MATERIAL SUPPLIED -
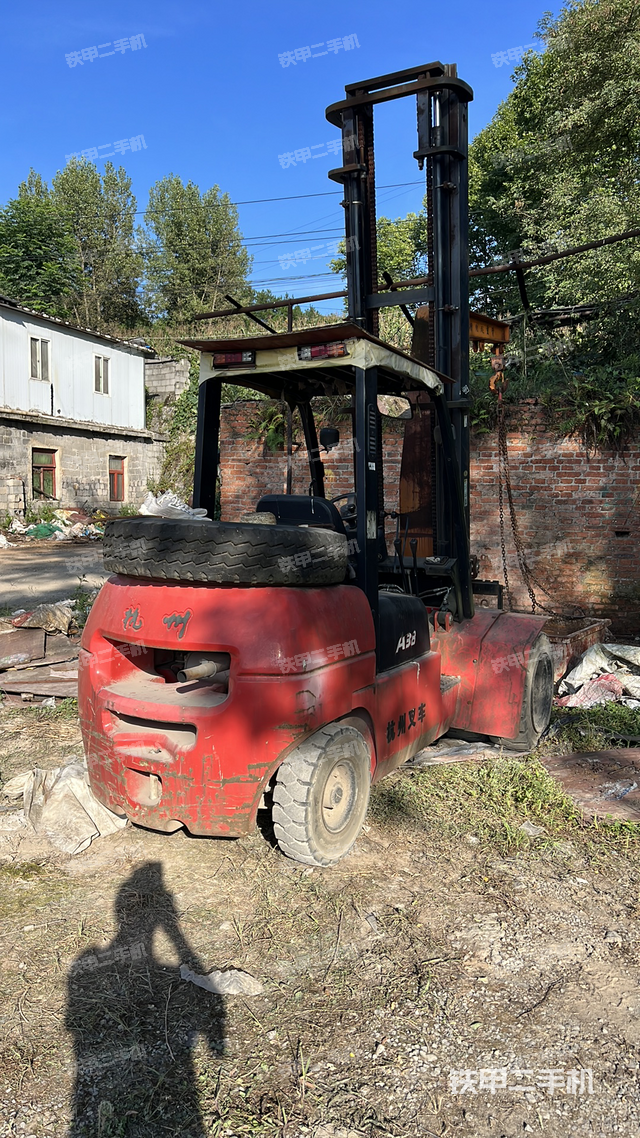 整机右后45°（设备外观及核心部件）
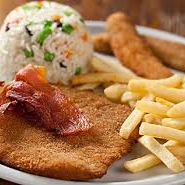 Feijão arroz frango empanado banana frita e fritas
==
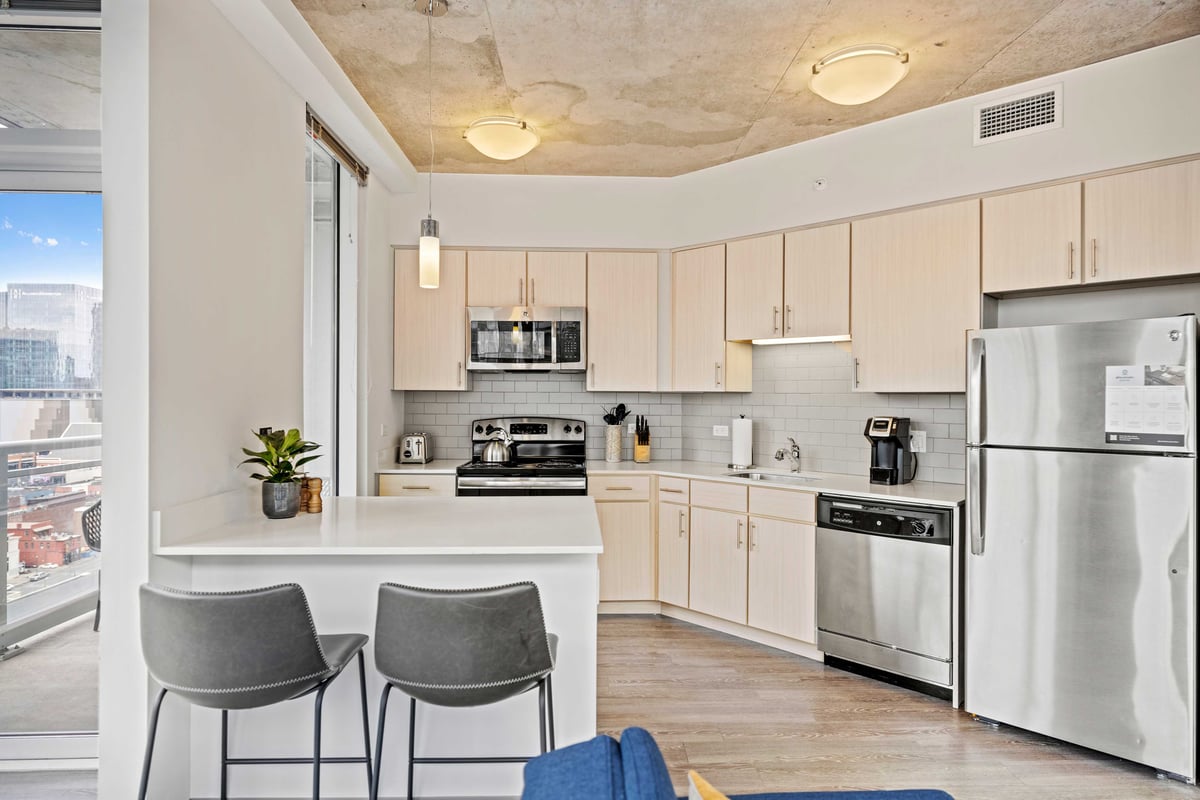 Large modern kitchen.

WHAT NEEDS TO BE DONE - Extract the part of the records that opens with the line containing "整机右后45°（设备外观及核心部件）" and closes with the line containing "Feijão arroz frango". Take only those lines, exactly, and no pictures.

TASK SOLUTION -
 整机右后45°（设备外观及核心部件）
 Feijão arroz frango empanado banana frita e fritas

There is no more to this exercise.